MACON -- If you've been thinking the 2016 presidential primaries have been unusually unpredictable so far, you're not alone. Frank Luntz feels the same way.
Luntz, the pollster and focus-group wizard who frequently appears on Fox News Channel, said the current cycle is the first time he's felt so unsure about who would end up being the major-party nominees. Speaking Tuesday at the Georgia Chamber's congressional luncheon in Macon, Luntz asked the roughly 500 audience members to applaud for the candidate they supported as he read off a list. Most of the candidates received a modest amount of applause -- except for Rand Paul, for whom a single person appeared to clap, and Rick Perry, who got crickets -- but no more.
"There was applause for all those different candidates, but no ovations for any of them," Luntz observed.

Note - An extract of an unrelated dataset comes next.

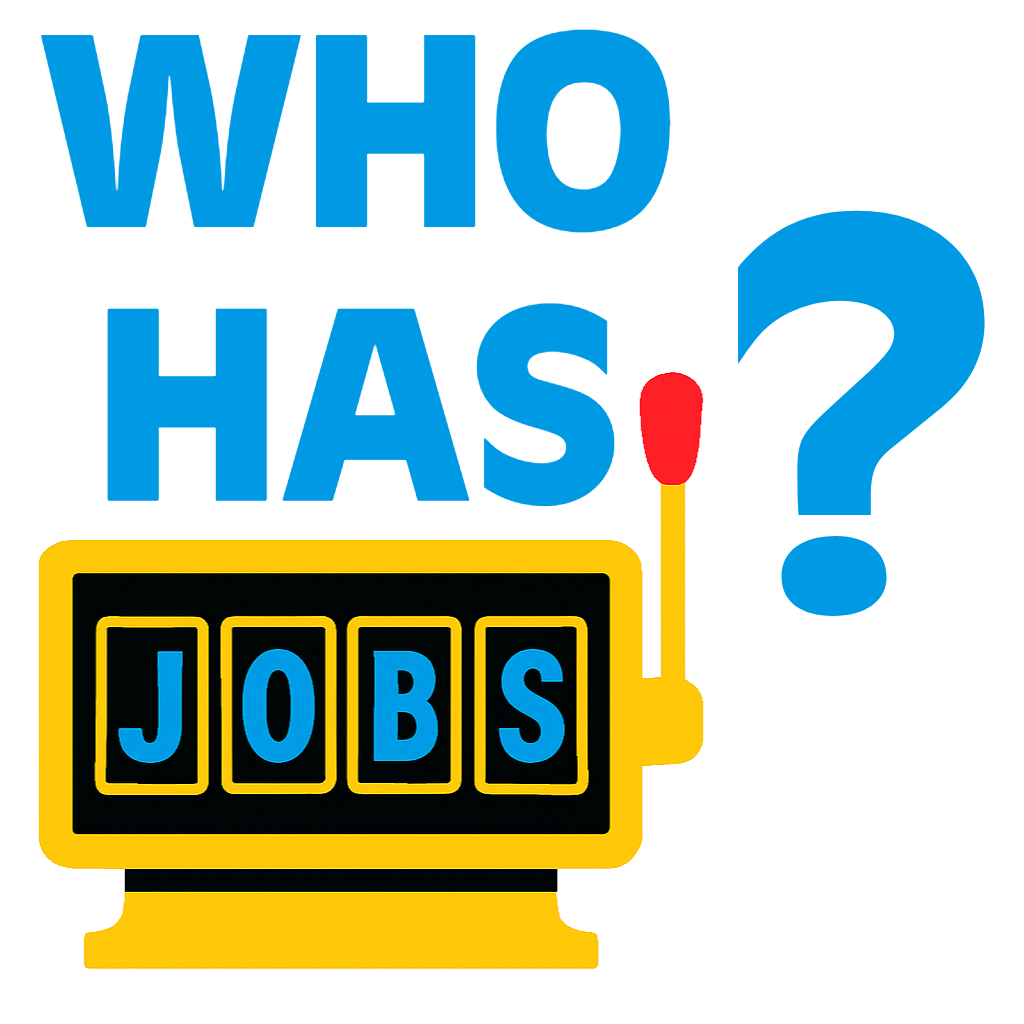 WHO HAS JOBS Logo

He also made the case that there is real drama on the Democratic side. "I don't know that Hillary Clinton is going to be the nominee," Luntz said. He referred to Hillary's new polling low: "We've never elected a person with a 38 percent approval rating six months before the first vote" is cast.
If you've watched Luntz on TV before, you're probably familiar with his system of measuring audience reaction second-by-second as candidates debate or deliver speeches. He showed the Georgia Chamber crowd a series of clips of different candidates, including a speech by Bernie Sanders and the part of this month's GOP debate in which Fox's Megyn Kelly grilled Donald Trump about demeaning things he has said about women. They were overlaid by graphics showing how viewers (not the Chamber audience, but some previous focus group he didn't identify) reacted to what Sanders and Trump said.
What was striking was the way Republican and Democratic viewers alike reacted positively to both men -- who, Luntz said, are "tapping into the same anger."
At one point, Sanders' mid-speech ratings were, as Luntz noted, "off the charts." His candidacy might be even more powerful, Luntz suggested, if the 73-year-old Sanders were a little younger: "His language is so powerful to a middle class that is struggling to remain middle class, and a working class that believes it will never make it to the middle class."
Trump's viewers weren't quite as enthusiastic, but there was strong bipartisan support for Trump's riff about political correctness in response to Kelly's question. "He changed the entire focus" away from his past statements, Luntz observed. "And people across the country sat there and said, darn it, he's right."
All of this, he argued, poses a problem for the business community, whom he challenged to shake up the way it thinks and talks to put more focus on workers rather than business owners. To the politicians in the audience, he said this: "It cannot be your way or the highway. There has to be common ground."